L’Union européenne (UE) est en train de craquer. Construction capitaliste dès le départ, elle répondait cependant initialement à l’aspiration des peuples d’un continent bien des fois ravagé par la guerre. Désormais machine antisociale et anti-démocratique, si elle vacille aujourd’hui, ce n’est pas malheureusement sous l’impact d’une contre-offensive populaire.

En Grande-Bretagne, les courants anti-UE se sont renforcés : essentiellement réactionnaires, ils ont un certain écho auprès de victimes désorientées des destructions du système social et du chômage. Le Premier ministre David Cameron a obtenu des dérogations aux règles européennes qui préservent les financiers de la City et limitent les prestations sociales des immigrés. Il va donc faire campagne contre la sortie, mais n’est pas certain de remporter le référendum du 23 juin.

L’afflux des réfugiés est un autre facteur de crise d’une UE incapable de mettre en pratique même le plan dérisoire d’accueil de 160 000 personnes auquel elle s’était arrêtée (alors que le nombre réel dépasse le million). Sur ce plan, les dirigeants français font preuve d’un cynisme d’acier : Valls a été jusqu’à critiquer Merkel pour son laxisme lors d’un voyage en Allemagne. Les divers pays européens commencent à s’entourer de barrières entravant les déplacements de personnes.
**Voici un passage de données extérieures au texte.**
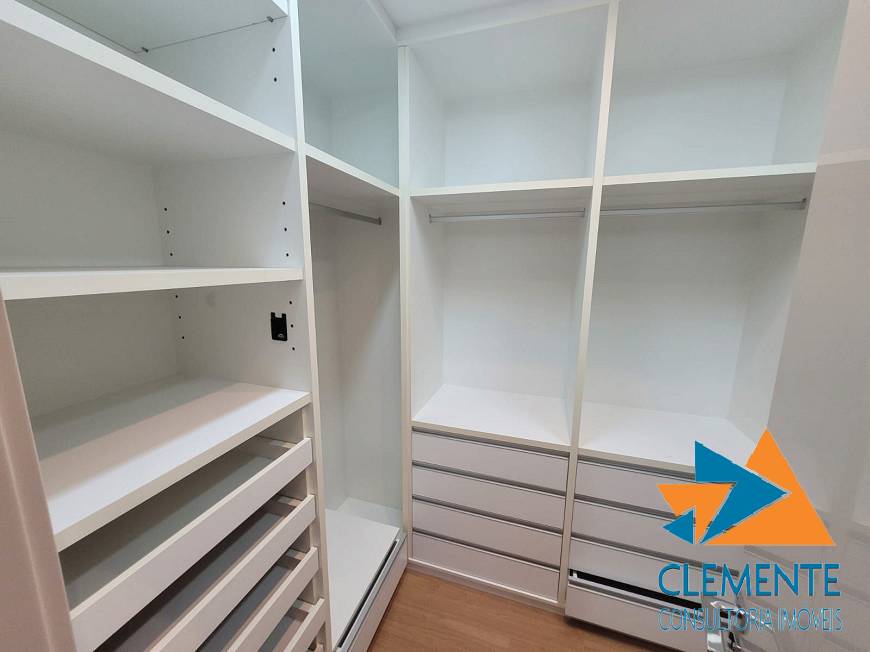 Apartamento, 4 quartos, 203 m² - Foto 7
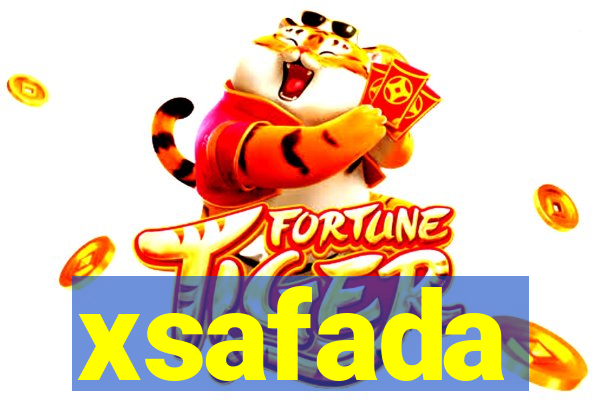 xsafada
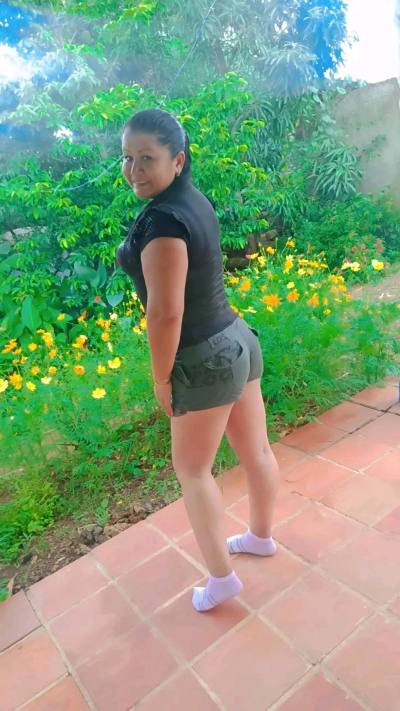 Natacha 42 años Caracas Venezuela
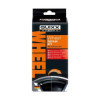 Kit de réparation roue noir 1PC | Quixx | Kit Repars jante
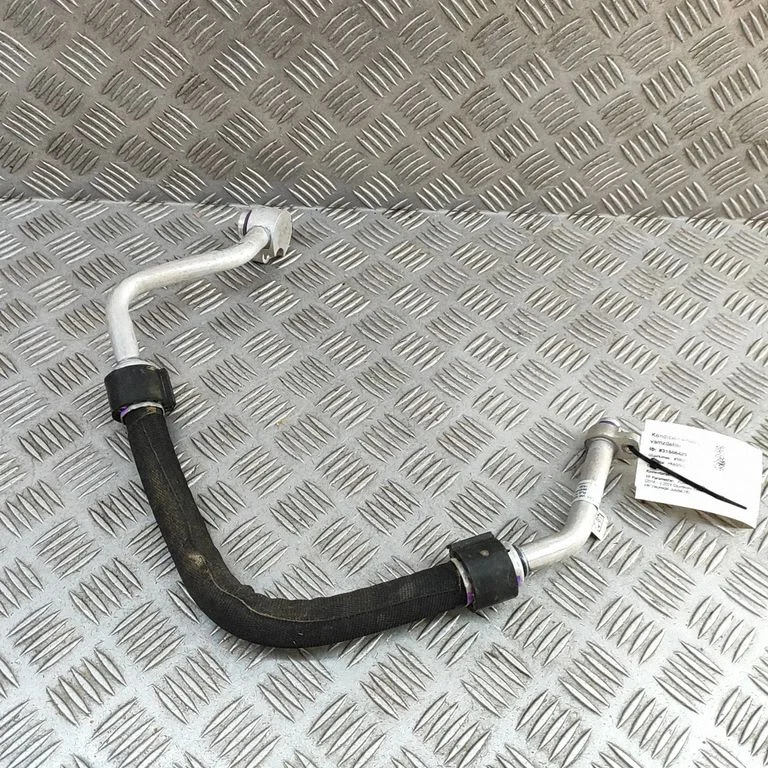 Air conditioning (A/C) pipe/hose 4M0816743CH – Audi RS Q8 (2019-)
Face à la situation économique, l’UE manifeste aussi son impuissance : le méga-plan d’investissements de 300 milliards d’euros a fait pschitt, et l’union bancaire n’empêche pas les marchés financiers de s’interroger sur la solidité de certaines banques européennes dont les cours plongent en Bourse.
En Pologne et en Hongrie, sont désormais en place des gouvernements nationalistes ultra-réactionnaires mais qui assoient leur popularité grâce à quelques mesures sociales, alors que leurs prédécesseurs cassaient tout en symbiose avec Bruxelles.
Dans cette crise dont l’aboutissement est incertain, apparaître comme « l’aile gauche » du nationalisme anti-européen est un piège auquel il ne faut pas céder. Il faut rompre avec les traités européens et avec cet euro au service de la finance, certes, mais aussi avec nos propres institutions.